Showing posts with label television. Show all posts
Showing posts with label television. Show all posts

Wednesday, January 26, 2011

V04-T08 Love Is All Around

.....At the time I put this tape together I was sorely tempted to pair this song with the completely different song by the same title by the Troggs. I'm not sure why I didn't; it may have been because I had just used one original hit from the 1960's and four sides into a compilation series that emphasizes the obscure it would seem unusual to have two so close together. You'll see that not everything I chose to use was rare or unusual. Avoiding the popular or commercially successful music in my collection wouldn't be genuinely representative of what I was listening to any more than using it exclusively.

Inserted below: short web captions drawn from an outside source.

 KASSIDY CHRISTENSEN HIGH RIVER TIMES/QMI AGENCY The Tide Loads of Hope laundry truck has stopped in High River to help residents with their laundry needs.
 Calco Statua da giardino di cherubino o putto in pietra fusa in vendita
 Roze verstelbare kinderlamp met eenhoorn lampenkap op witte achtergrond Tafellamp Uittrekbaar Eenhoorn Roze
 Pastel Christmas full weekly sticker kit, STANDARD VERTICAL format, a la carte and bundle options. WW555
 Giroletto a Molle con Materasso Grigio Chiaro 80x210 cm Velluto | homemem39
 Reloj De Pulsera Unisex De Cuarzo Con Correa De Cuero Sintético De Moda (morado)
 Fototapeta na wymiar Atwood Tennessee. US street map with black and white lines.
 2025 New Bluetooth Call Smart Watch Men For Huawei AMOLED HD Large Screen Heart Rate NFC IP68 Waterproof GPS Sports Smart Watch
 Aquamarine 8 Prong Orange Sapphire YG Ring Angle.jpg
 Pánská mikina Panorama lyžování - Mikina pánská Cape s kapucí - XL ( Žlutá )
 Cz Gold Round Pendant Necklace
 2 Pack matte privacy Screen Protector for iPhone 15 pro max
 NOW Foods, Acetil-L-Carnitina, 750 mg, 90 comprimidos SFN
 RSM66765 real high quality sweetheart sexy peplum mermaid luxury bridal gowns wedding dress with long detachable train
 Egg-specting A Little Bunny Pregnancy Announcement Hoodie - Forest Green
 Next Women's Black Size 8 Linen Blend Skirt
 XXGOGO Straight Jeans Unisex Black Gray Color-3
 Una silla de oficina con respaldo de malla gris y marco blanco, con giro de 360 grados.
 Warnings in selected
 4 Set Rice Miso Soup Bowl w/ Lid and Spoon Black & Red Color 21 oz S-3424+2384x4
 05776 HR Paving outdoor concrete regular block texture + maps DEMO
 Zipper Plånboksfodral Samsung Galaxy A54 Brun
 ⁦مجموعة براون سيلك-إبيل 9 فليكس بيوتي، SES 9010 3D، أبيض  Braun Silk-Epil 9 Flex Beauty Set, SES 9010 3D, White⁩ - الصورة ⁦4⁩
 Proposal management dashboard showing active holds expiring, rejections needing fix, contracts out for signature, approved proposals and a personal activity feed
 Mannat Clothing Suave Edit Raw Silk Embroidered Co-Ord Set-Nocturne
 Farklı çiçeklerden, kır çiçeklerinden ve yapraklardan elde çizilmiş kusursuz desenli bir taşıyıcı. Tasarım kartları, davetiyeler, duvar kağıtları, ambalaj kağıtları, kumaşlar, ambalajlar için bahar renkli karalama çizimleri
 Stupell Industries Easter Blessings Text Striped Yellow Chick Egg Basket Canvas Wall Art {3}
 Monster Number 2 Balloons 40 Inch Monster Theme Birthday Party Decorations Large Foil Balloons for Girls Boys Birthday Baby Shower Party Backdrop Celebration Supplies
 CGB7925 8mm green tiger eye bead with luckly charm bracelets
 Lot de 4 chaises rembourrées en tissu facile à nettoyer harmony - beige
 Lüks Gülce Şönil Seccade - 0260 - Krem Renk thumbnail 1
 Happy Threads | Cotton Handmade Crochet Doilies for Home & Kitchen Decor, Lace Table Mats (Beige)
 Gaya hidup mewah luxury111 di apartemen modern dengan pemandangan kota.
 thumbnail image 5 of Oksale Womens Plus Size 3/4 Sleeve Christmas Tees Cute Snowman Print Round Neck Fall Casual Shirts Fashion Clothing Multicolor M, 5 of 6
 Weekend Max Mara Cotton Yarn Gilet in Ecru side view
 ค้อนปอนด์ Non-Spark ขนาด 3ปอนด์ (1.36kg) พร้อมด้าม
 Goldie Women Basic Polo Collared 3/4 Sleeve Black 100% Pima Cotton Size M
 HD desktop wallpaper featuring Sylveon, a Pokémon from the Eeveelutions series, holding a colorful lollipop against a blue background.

Volume 4: "THE LITTLE BROWN ONES ARE THORAZINE, GEORGE", track 8
  • 01:46 "LOVE IS ALL AROUND" (Sonny Curtis)
  • performed by Hüsker Dü
  • original source: B-side 7" SST 051 (US) August 1985
  • and my source: CDEP EIGHT MILES HIGH/MAKES NO SENSE AT ALL SST CD270 (US) 1990
.....My original notes from 1994 still look relevant:
"Anybody who doesn't recognize this as the theme to the Mary Tyler Moore Show, hold out your hands to be slapped. Bonus points, however, to any who know that the connection between the fictional Mary Richards and the late Hüsker Dü is that they were both based in Minneapolis. Extra bonus points and a big wet kiss to anyone who recognized the style, which is pretty obscured here, of the song's author, Sonny Curtis. Yes, it's the same Sonny who wrote 'I FOUGHT THE LAW', better known from records by The Bobby Fuller Four and The Clash.
"Poor Minneapolis; so much talent, so little focus or cohesion. What is the Minneapolis sound? Hüsker Dü? Prince? Garrison Keillor? Is there some common unifying bond or trait amongst those three that I'm missing? I doubt it.
"Anyway, this track has made the rounds. This and another Hüsker Dü single were compiled onto a four-song 10" EP which in turn was reissued as a CD. All four songs are also found on an indispensable Various Artists CD called SEVEN-INCH WONDERS OF THE WORLD."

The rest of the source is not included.